## REQUIRED WORK
What needs transcribing is the line with "sub hepatic Parasagittal" and every line after it to the end of the records, exactly and alone, with no pictures.
START DATA PROVIDED
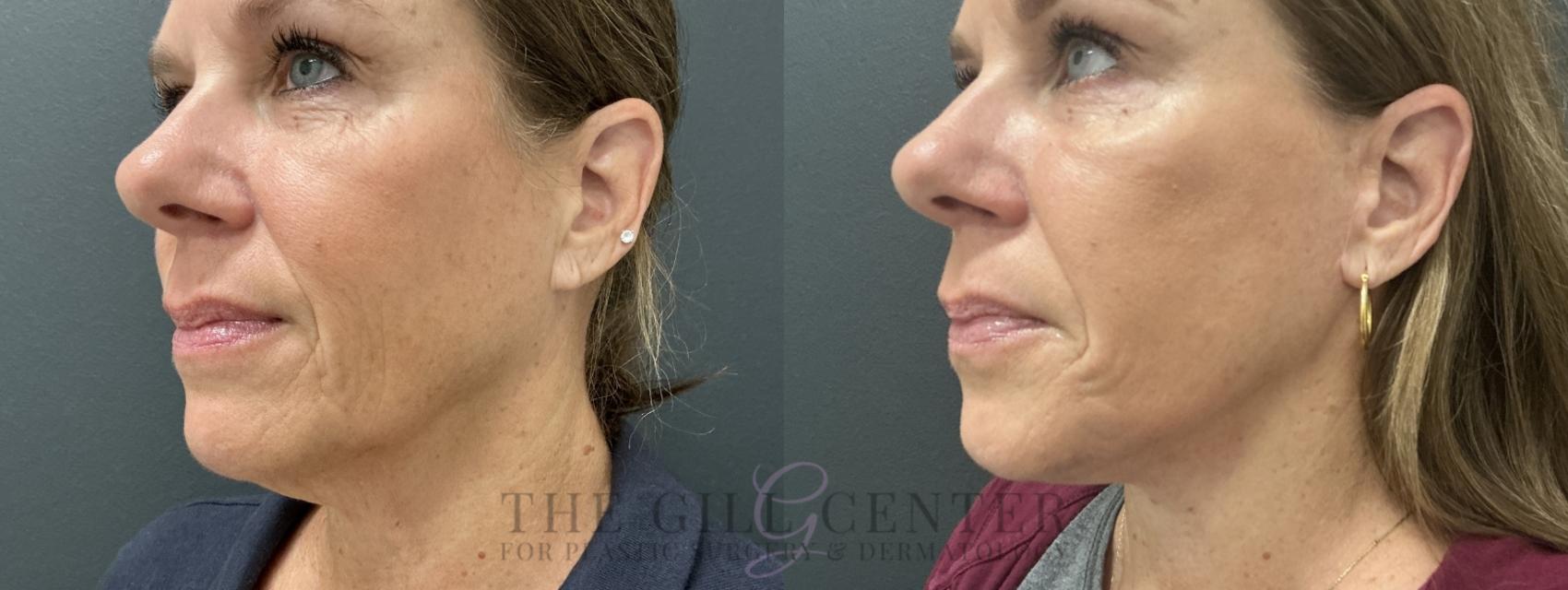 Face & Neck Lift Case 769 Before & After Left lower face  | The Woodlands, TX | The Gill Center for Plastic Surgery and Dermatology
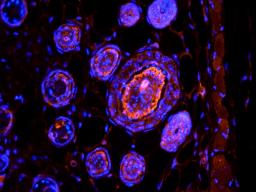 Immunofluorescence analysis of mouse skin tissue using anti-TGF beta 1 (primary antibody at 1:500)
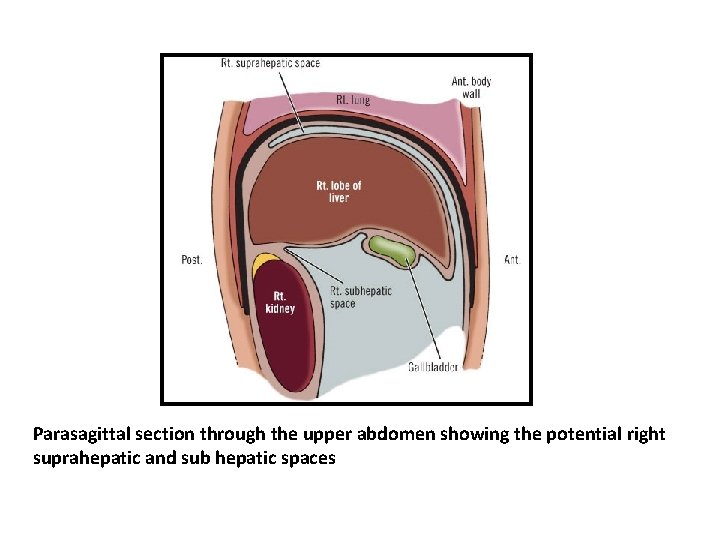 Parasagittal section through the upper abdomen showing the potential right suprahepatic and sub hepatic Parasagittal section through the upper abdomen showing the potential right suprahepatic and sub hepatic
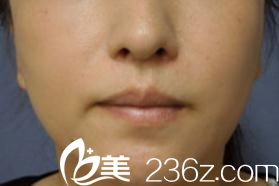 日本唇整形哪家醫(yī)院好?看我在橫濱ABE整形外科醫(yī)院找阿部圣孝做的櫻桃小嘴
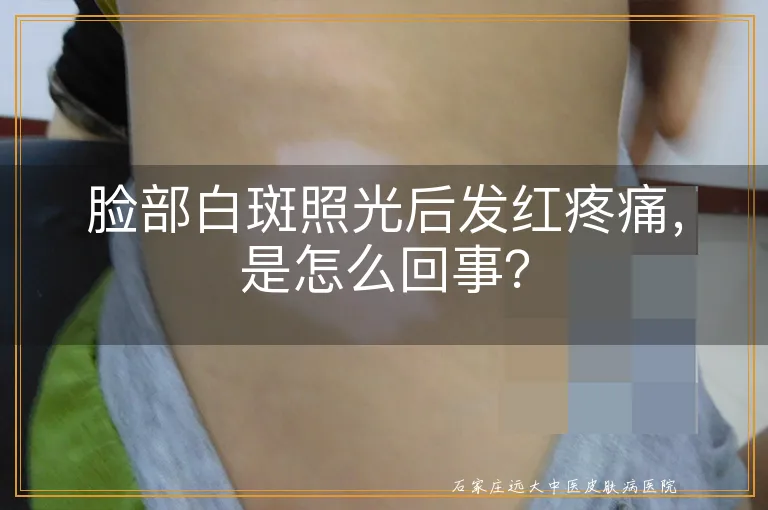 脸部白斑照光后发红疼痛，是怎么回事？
END DATA PROVIDED
## EXERCISE RESULT
 Parasagittal section through the upper abdomen showing the potential right suprahepatic and sub hepatic Parasagittal section through the upper abdomen showing the potential right suprahepatic and sub hepatic
 日本唇整形哪家醫(yī)院好?看我在橫濱ABE整形外科醫(yī)院找阿部圣孝做的櫻桃小嘴
 脸部白斑照光后发红疼痛，是怎么回事？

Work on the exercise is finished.